# NTSC und PAL



## Thoram (24. Januar 2004)

Ich habe ein kleines Problem ich würde mir gerne mein bild von meinen laptop auf meinenm fernseher anzeigen lassen aber ich kriege nur ein schwarz weiss bild ich glaube das es daran leigt das die anzeige noch auf NTSC ist meine frage ist wie kann ich das auf pal umstellen bitte dringend um hilfe wie kann ich das umstellen danke jetzt schon mal.


BlackHawk


----------



## King Euro (26. Januar 2004)

Ist NTSC nicht das amerikanische Bildformat?
Oder irre ich mich da?


----------



## NuLL (26. Januar 2004)

NTSC ist das Amerikanisch / Japanische Standard Bildformat und somit auf 90% der Deutschen Fernseher nicht Darstellbar...

PAL ist die Europäische Norm die 100 % kompatibel sein Sollte!


----------



## SixDark (27. Januar 2004)

Hi!

Also bei mir funktioniert das im BIOS des Laptops!
Allerdings kann es auch an diversen Adaptern liegen, die Du benutzt. Bei mir war es so, sobald ich das S-Video-Kabel in einen Scartadapter gesteckt habe war das Bild auch nur noch s/w. Wenn ich aber das S-Video-Kabel direkt an den Fernseher angeschlossen habe war es voll bunt... Mußt mal schauen...
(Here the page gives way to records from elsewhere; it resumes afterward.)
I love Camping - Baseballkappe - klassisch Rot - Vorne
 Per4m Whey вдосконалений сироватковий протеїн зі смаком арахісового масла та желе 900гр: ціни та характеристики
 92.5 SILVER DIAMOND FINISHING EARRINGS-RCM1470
Mal eine Frage gleich zurück an Dich, welche Auflösung hast Du am Laptop wenn Du ihn am TV hängen hast? Mein Laptop zeigt nur so lange ein Bild auf dem TV bis die Grafikkarte initalisiert wurde, dann ist das Bild weg und kommt auch nie wieder. Hab schon alle Grafik-Einstellungen probiert, aber leider ist die minimale Auflösung 800 x 600 Pixel und ich wage mich dunkel zu erinnern, dass ich in der Bedienungsanleitung zu meinem letzten Laptop gelesen hatte, das die Auflösung beim Anschluß an ein TV automatisch auf 640 x 480 Pixel gesetzt wird weil der Fernseher nix anderes darstellen kann....... Kannst Du mir da vielleicht helfen?

MfG
..::Six Dark::..


----------



## Sinac (27. Januar 2004)

Haste mal in den Erweiterten Eigenschften deiner Grafikkarte geschaut? Ansonsten schau mal ins Handbuch, manchmal stellte das auch mit ner Tastenkombination um, z.B. Fn + F5 oder sowas.
Welches Notebook bzw. Graka haste denn?

Greetz...
Sinac


----------



## SixDark (27. Januar 2004)

Also die Grafikkarte ist eine "NVIDIA GeForce4 440 Go 64M".
Das Laptop ist so'n nachgebautes, es hat aber diesen komischen Monitor auf der "F5-Taste" (zu erreichen über die Taste Fn), aber wenn ich da drücke passiert gar nix!

Ich hab mal probiert in den DOS-Modus zu wechseln mit der Einstellung "Vollbild". Das funktioniert, dann erscheint das Bild auch wieder auf dem TV, wenn ich DOS wieder beende verschwindet das Bild wieder vom TV. In anderen Beiträgen hier hab ich aber gelesen das es funktioniert... Probiert hab ich's übrigens schon mit sVideo, Video (Cinch) und SCART - immer das gleiche!

Wäre für Hilfe sehr dankbar...

MfG
..::SD::..


----------



## SixDark (27. Januar 2004)

Ok, SORRY für die Belästigung!  

Habs grad hinbekommen! Hab im BIOS mal auf "Composite" umgestellt und dann in den GraKa-Einstellungen das Klonen neu aktiviert - nu gehts! HAPPY!

Viele Grüße, vielleicht hilfts ja auch dem ein oder anderen weiter...

MfG
..::SD::..


----------